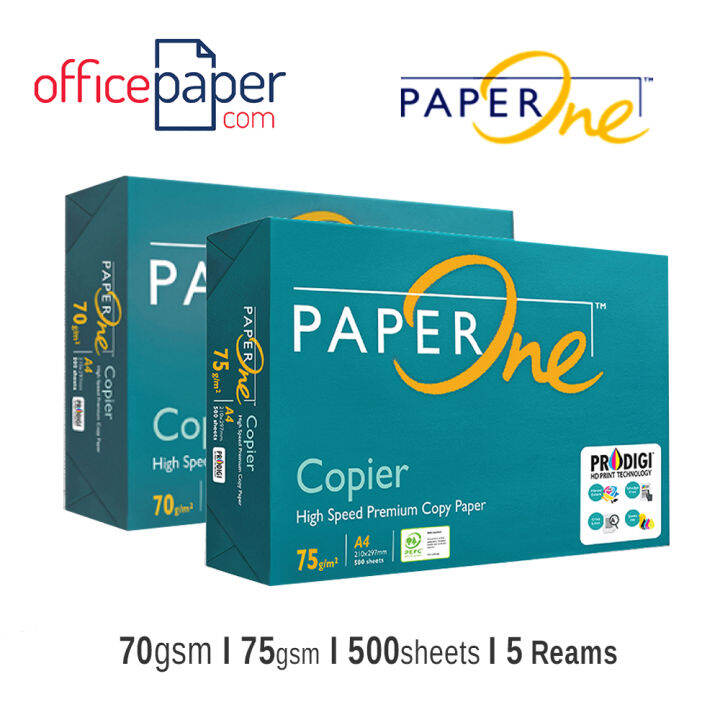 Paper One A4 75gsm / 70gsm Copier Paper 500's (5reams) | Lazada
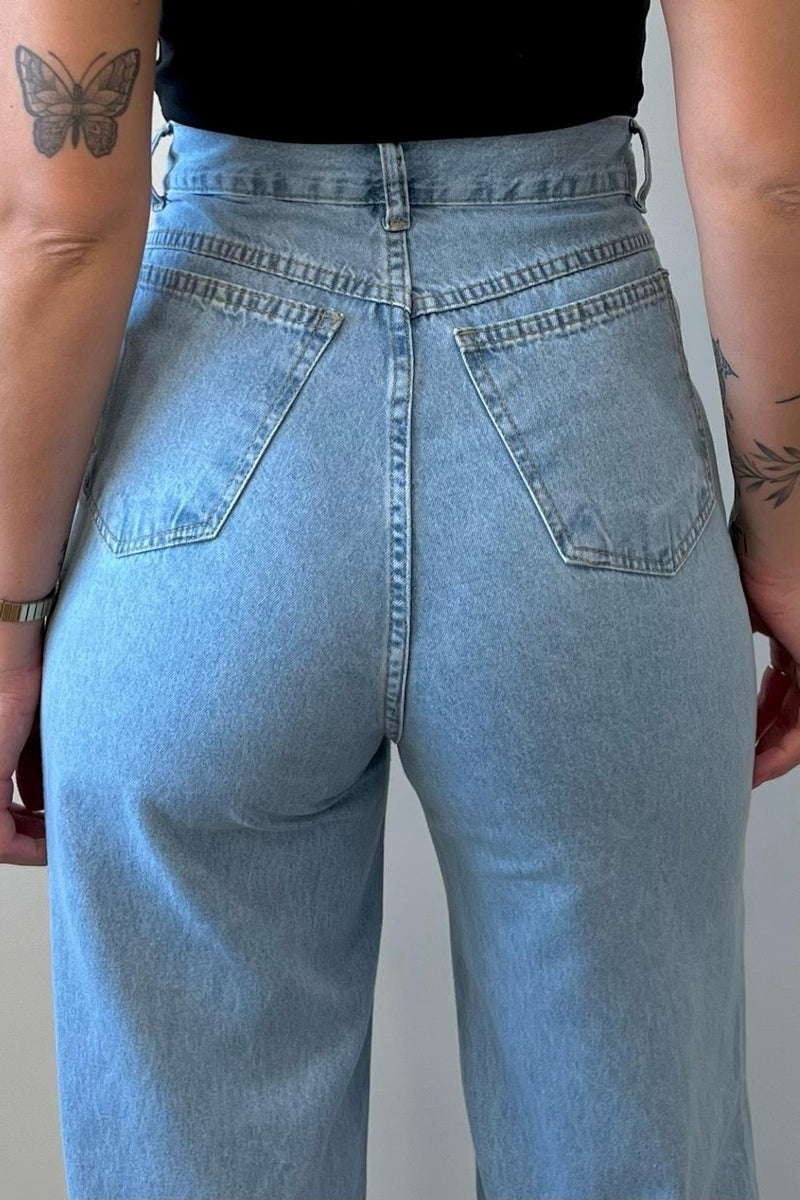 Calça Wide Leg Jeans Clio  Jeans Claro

==

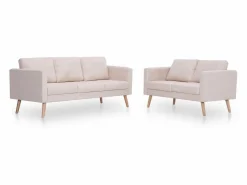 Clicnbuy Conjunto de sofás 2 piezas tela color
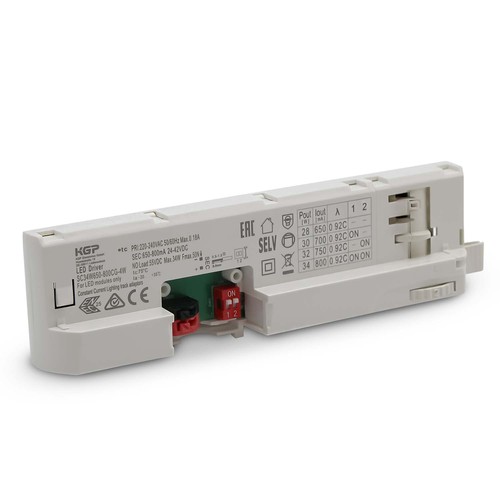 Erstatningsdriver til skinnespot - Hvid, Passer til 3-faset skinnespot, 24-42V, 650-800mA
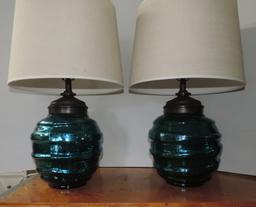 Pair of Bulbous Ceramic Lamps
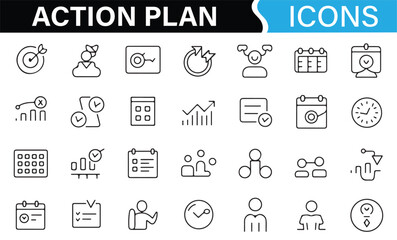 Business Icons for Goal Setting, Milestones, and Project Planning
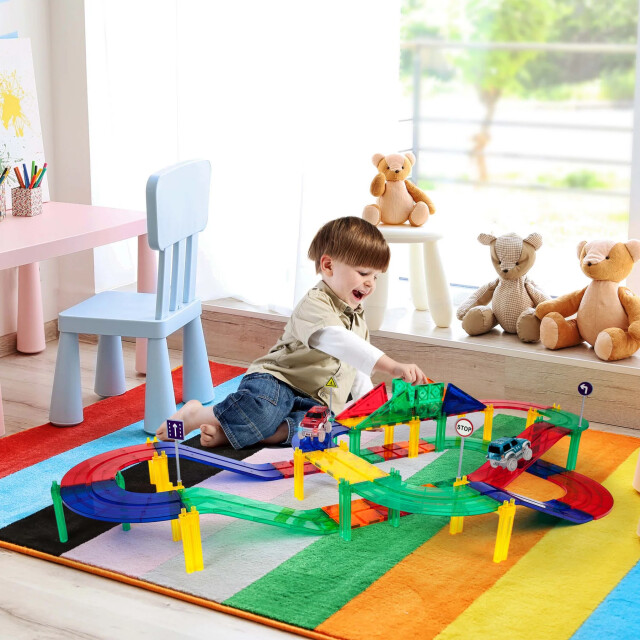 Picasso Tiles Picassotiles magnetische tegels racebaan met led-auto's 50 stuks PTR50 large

--

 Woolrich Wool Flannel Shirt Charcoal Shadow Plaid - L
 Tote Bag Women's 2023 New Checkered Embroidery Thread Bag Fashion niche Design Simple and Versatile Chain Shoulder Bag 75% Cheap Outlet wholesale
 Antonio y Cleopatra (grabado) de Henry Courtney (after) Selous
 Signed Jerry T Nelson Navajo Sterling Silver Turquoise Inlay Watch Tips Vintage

# About this exercise:
From the line containing "Clicnbuy Conjunto de" through the line containing "Picasso Tiles Picassotiles", copy every line above exactly, without pictures.

# Finished task:
 Clicnbuy Conjunto de sofás 2 piezas tela color
 Erstatningsdriver til skinnespot - Hvid, Passer til 3-faset skinnespot, 24-42V, 650-800mA
 Pair of Bulbous Ceramic Lamps
 Business Icons for Goal Setting, Milestones, and Project Planning
 Picasso Tiles Picassotiles magnetische tegels racebaan met led-auto's 50 stuks PTR50 large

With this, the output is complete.